((
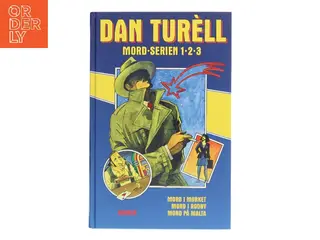 Mord-serien. Bind 1-3, Mord i mørket : Mord i Rodby : Mord på Malta af Dan Turèll (Bog)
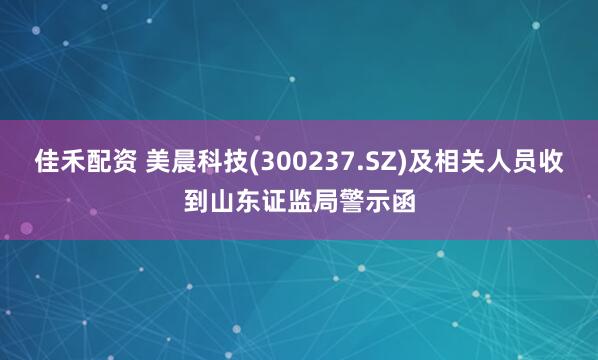 佳禾配资 美晨科技(300237.SZ)及相关人员收到山东证监局警示函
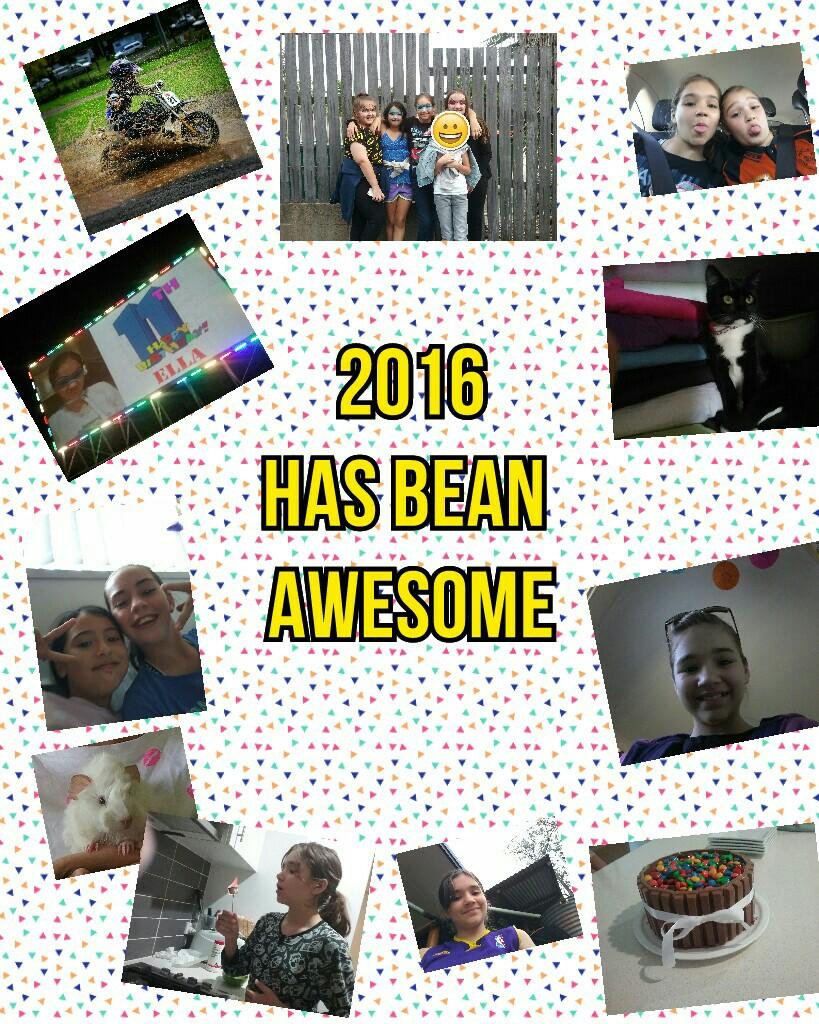 2016
Has bean 
AWESOME
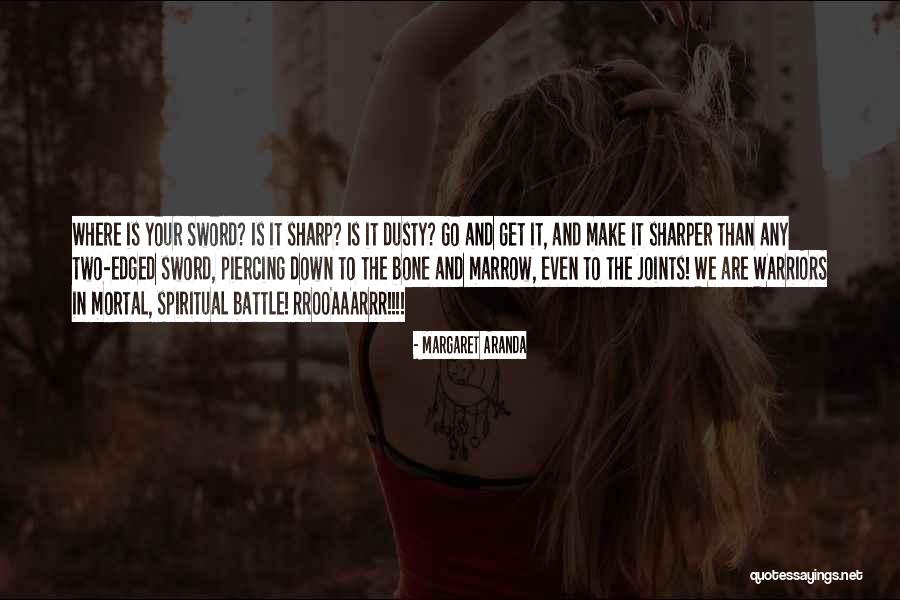 The Mortal Sword Quotes By Margaret Aranda The Mortal Sword Quotes By Margaret Aranda
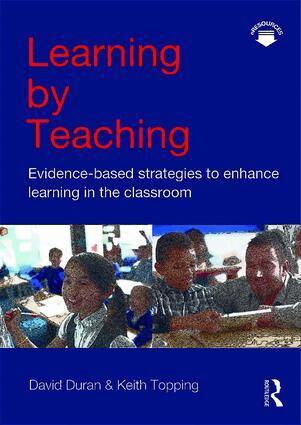 David Duran, Keith Topping - Learning by Teaching, Häftad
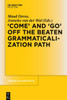 'Come' and 'Go' Off the Beaten Grammaticalization Path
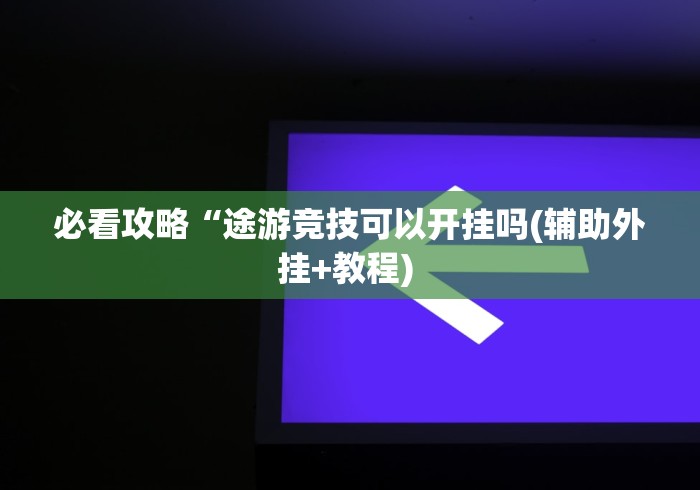 必看攻略“途游竞技可以开挂吗(辅助外挂+教程) 必看攻略“途游竞技可以开挂吗(辅助外挂+教程)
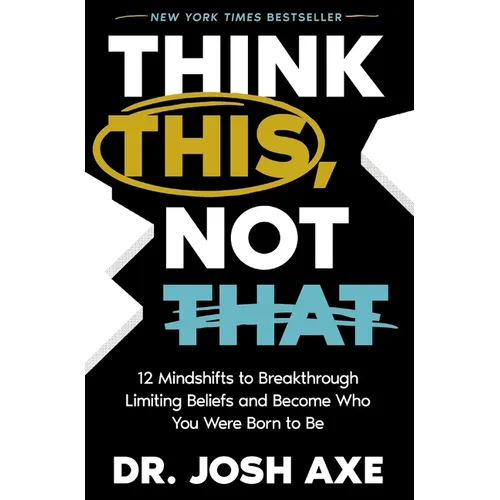 Think This, Not That: 12 Mindshifts to Breakthrough Limiting Beliefs and Become Who You Were Born to Be - Paperback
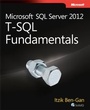 Cover: Microsoft SQL Server 2012 T-SQL Fundamentals - Microsoft Press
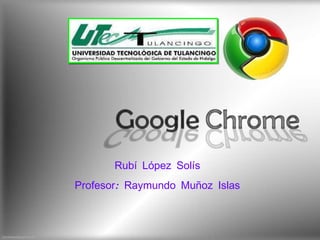 Rubí López Solís  Profesor: Raymundo Muñoz Islas  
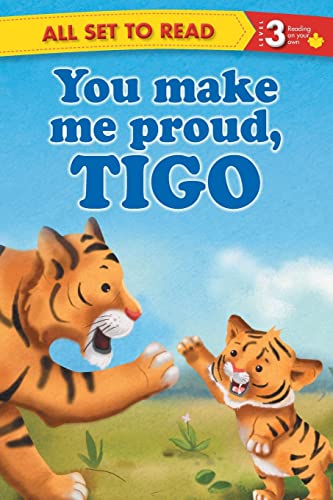 All set to Read- Readers Level 3- You make me Proud, Tigo- READERS (Paperback)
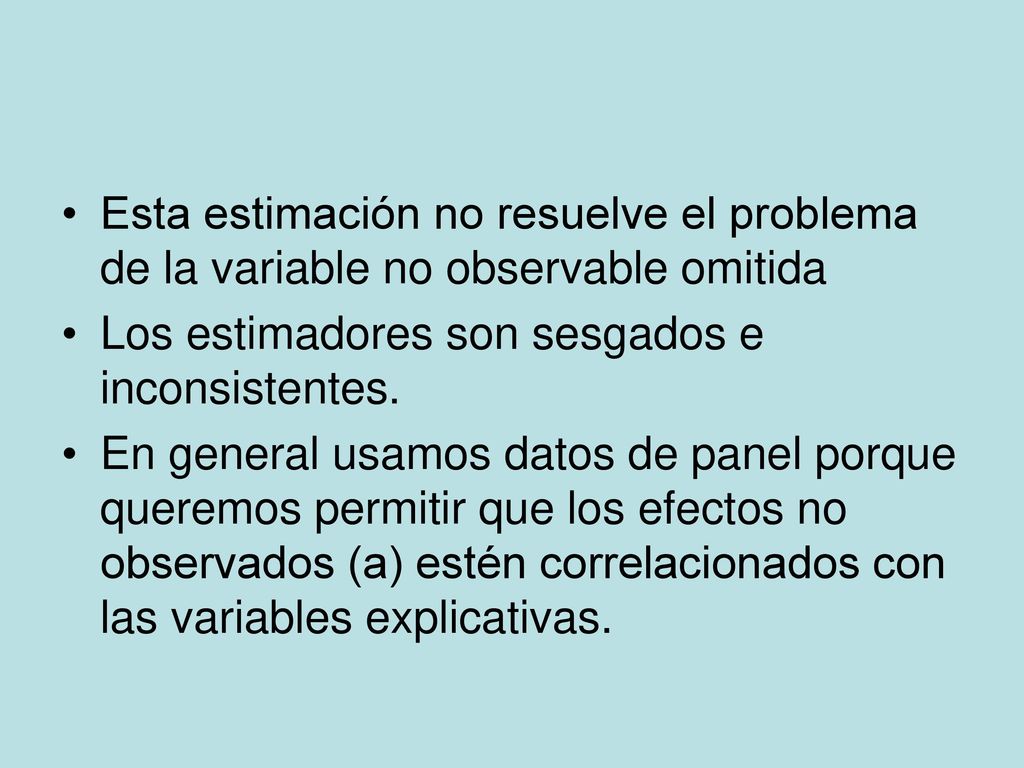 Esta estimación no resuelve el problema de la variable no observable omitida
))
Brief:
Could you please write out the entries exactly as they are, with every picture left out?

Exercise answer:
 Mord-serien. Bind 1-3, Mord i mørket : Mord i Rodby : Mord på Malta af Dan Turèll (Bog)
 佳禾配资 美晨科技(300237.SZ)及相关人员收到山东证监局警示函
 2016
Has bean 
AWESOME
 The Mortal Sword Quotes By Margaret Aranda The Mortal Sword Quotes By Margaret Aranda
 David Duran, Keith Topping - Learning by Teaching, Häftad
 'Come' and 'Go' Off the Beaten Grammaticalization Path
 必看攻略“途游竞技可以开挂吗(辅助外挂+教程) 必看攻略“途游竞技可以开挂吗(辅助外挂+教程)
 Think This, Not That: 12 Mindshifts to Breakthrough Limiting Beliefs and Become Who You Were Born to Be - Paperback
 Cover: Microsoft SQL Server 2012 T-SQL Fundamentals - Microsoft Press
 Rubí López Solís  Profesor: Raymundo Muñoz Islas  
 All set to Read- Readers Level 3- You make me Proud, Tigo- READERS (Paperback)
 Esta estimación no resuelve el problema de la variable no observable omitida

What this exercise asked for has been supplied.